Is simplified semantics for the 'blame' command a good thing?

Asked 29/12, 2012 at 0:21 Answered 29/12, 2012 at 5:35

I'm working on a new weave-based data structure for storing version control history. This will undoubtedly cause some religious wars about whether it's The Right Way Of Doing Things when it comes out, but that isn't my question right now.

My question has to do with what output blame should give. When a line of code has been added, removed, and merged into itself a number of times, it isn't always clear what revision should get blame for it. Notably this means that when a section of code is deleted, all records of it having been there is gone, and there is no blame for the removal. Everyone I've gone over this issue with has said that trying to do better simply isn't worth it. Sometimes people put in the hack that the line after the section which got deleted has its blame changed from whatever it actually was to the revision when the section got deleted. Presumably if the section is at the end then the last line get its blame changed, and if the file winds up empty then the blame really does disappear into the aether, because there's literally nowhere left to put blame information. For various technical reasons I won't be using this hack, but assume that continuing but with this completely undocumented but de facto standard practice will be uncontroversial (but feel free to flame me and get it out of your system).

Moving on to my actual question. Usually in blame for each line you look at the complete history of where it was added and removed in the history and using three-way merge (or, in the case of criss-cross merges, random bullshit) and based on the relationships between those you determine whether the line should have been there based on its history, and if it shouldn't but is then you mark it as new with the current revision. In the case where a line occurs in multiple ancestors with different blames then it picks which one to inherit arbitrarily. Again, I assume that continuing with this completely undocumented but de facto standard practice will be uncontroversial.

Where my new system diverges is that rather than doing a complicated calculation of whether a given line should be in the current revision based on a complex calculation of the whole history, it simply looks at the immediate ancestors, and if the line is in any of them it picks an arbitrary one to inherit the blame from. I'm making this change for largely technical reasons (and it's entirely possible that other blame implementations do the same thing, for similar technical reasons and a lack of caring) but after thinking about it a bit part of me actually prefers the new behavior as being more intuitive and predictable than the old one. What does everybody think?

Epsomite answered 29/12, 2012 at 0:21 Comment(3)

All blame commands have the same semantics, so the question applies to all of them. – Epsomite 29/12, 2012 at 0:49

Re: open/close debates: I think this question is highly constructive and represents fundamental design research on version tracking systems and tools which is or will be highly relevant to several developers and quite interesting to many more. – Helmet 29/12, 2012 at 11:49

What I'd like to see is gitk-like history for any line of code. – Apfel 29/12, 2012 at 14:59

I actually wrote a one of the blame implementations out there (Subversion's current one I believe, unless someone replaced it in the past year or two). I helped with some others as well.

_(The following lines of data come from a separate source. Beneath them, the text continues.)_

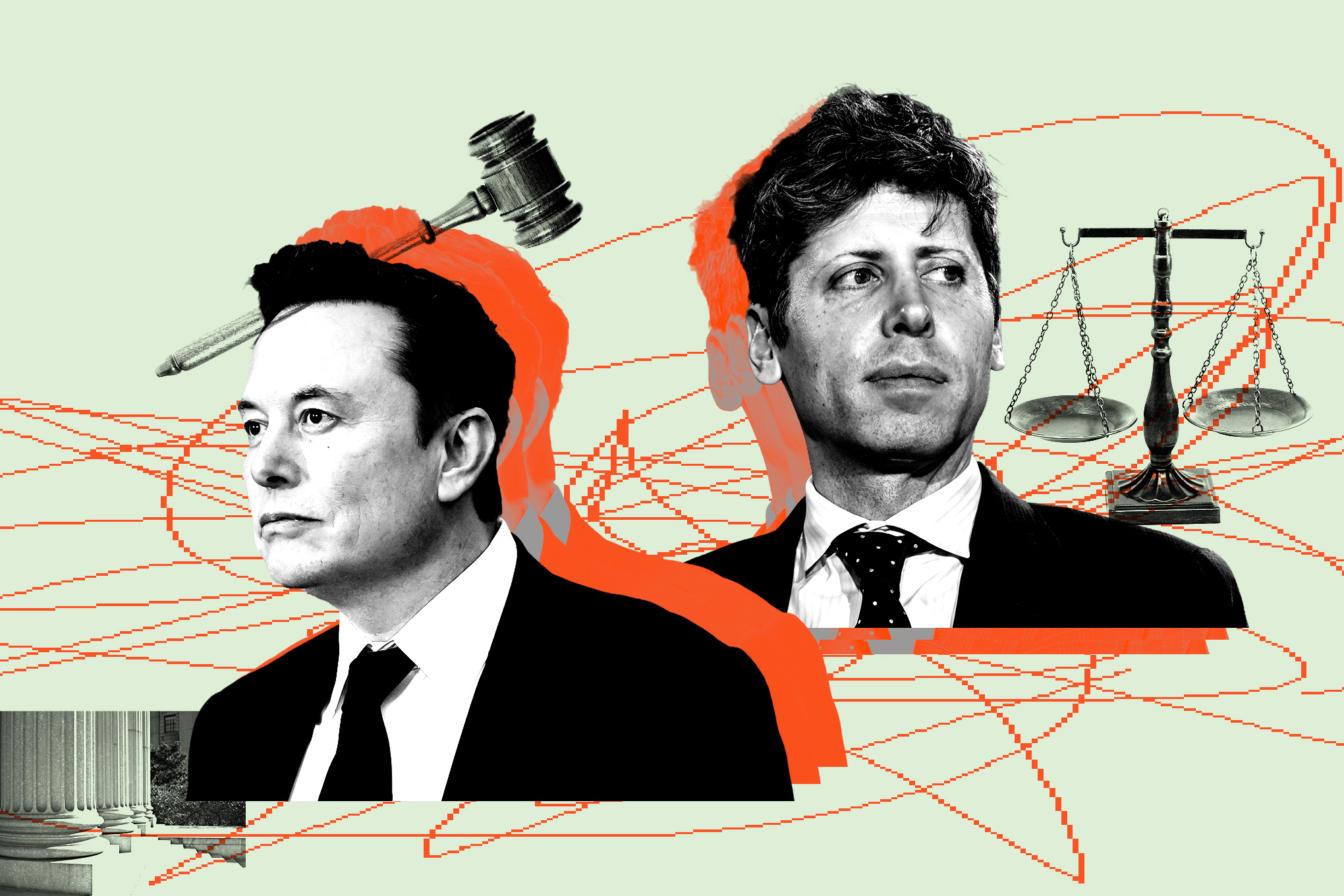 Elon Musk and Sam Altman facing each other in a courtroom setting.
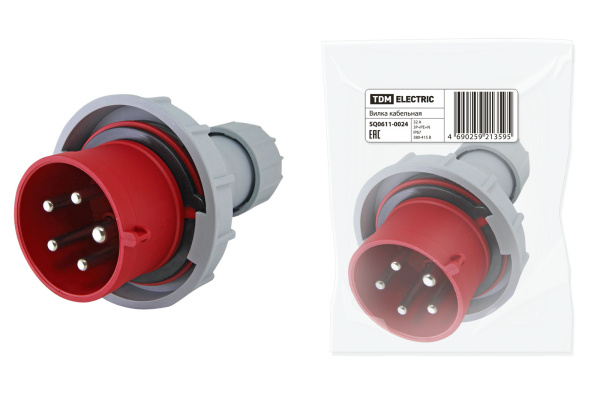 TDM Вилка кабельная IP67 32А 3Р+РЕ+N 380В SQ0611-0024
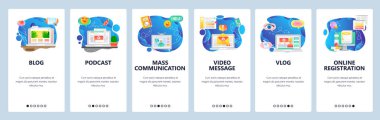 Mobil uygulama ekranlarda. Online blog ve vlog, video akışı, podcast ve tv haberleri. Web sitesi ve mobil geliştirme için Menü vektör afiş şablonu. Web sitesi tasarımı düz illüstrasyon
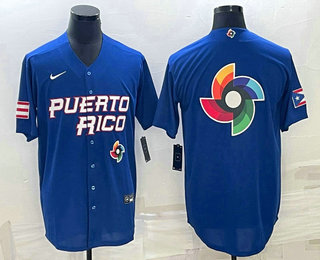 Men's Puerto Rico Baseball 2023 Royal World Big Logo With Patch Classic Stitched Jersey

At least most implementations of blame don't do what you describe:

Usually in blame for each line you look at the complete history of where it was added and removed in the history and using three way merge (or, in the case of criss-cross merges, random bullshit) and based on the relationships between those you determine whether the line should have been there based on its history, and if it shouldn't but is then you mark it as new with the current revision. In the case where a line occurs in multiple ancestors with different blames then it picks which one to inherit arbitrarily. Again, I assume that continuing with this completely undocumented but de facto standard practice will be uncontroversial.

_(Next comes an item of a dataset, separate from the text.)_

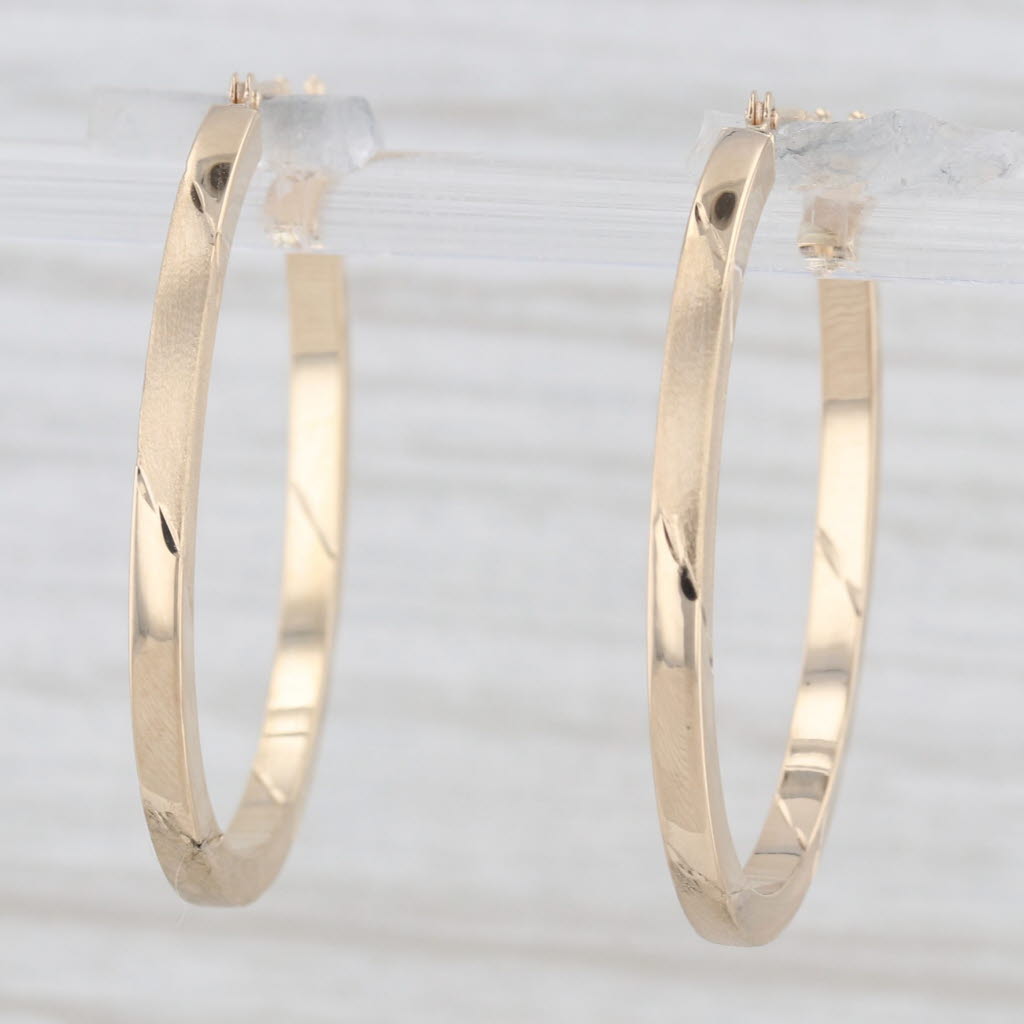 Light Gray Etched Hoop Earrings 14k Yellow Gold Snap Top Pierced Oval Hoops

Actually, most blames are significantly less complex than this and don't bother trying to use the relationships at all, but they just walk parents in some arbitrary order, using simple delta structures (usually the same internal structure whatever diff algorithm they have uses before it turns it into textual output) to see if the chunk changed, and if so, blame it, and mark that line as done.

For example, Mercurial just does an iterative depth first search until all lines are blamed. It doesn't try to take into account whether the relationships make it unlikely it blamed the right one.

Git does do something a bit more complicated, but still, not quite like you describe.

Subversion does what Mercurial does, but the history graph is very simple, so it's even easier.

In turn, what you are suggesting is, in fact, what all of them really do:

Pick an arbitrary ancestor and follow that path down the rabbit hole until it's done, and if it doesn't cause you to have blamed all the lines, arbitrarily pick the next ancestor, continue until all blame is assigned.

Prostration answered 29/12, 2012 at 4:32 Comment(3)

Thanks, that was very helpful. The data structure I'm working on now will allow blame to be done with a single pass over the history, which might make a big performance difference for some use cases. – Epsomite 29/12, 2012 at 7:18

git blame (and I think also blame / annotate commands in other SCM) simply traverses history in some order and blames a last commit (counting from beginning) that has given line. Note that thanks to heuristic similarity-based rename detection it can detect when line was moved or copied and blame commit that changed / introduced line and not the one that merely moved it (you probably want to ignore whitespace to discard reindent). See e.g. git gui blame <file> in action (with two blame columns: one for change, one for movement). – Predestine 29/12, 2012 at 12:31

So, subversion also does blame with a single pass over history using a datastructure to track lines. Of course, SVN has a linear history graph, which makes life easier. I imagine your datastructure will end up similar. – Prostration 29/12, 2012 at 16:11

On a personal level, I prefer your simplified option.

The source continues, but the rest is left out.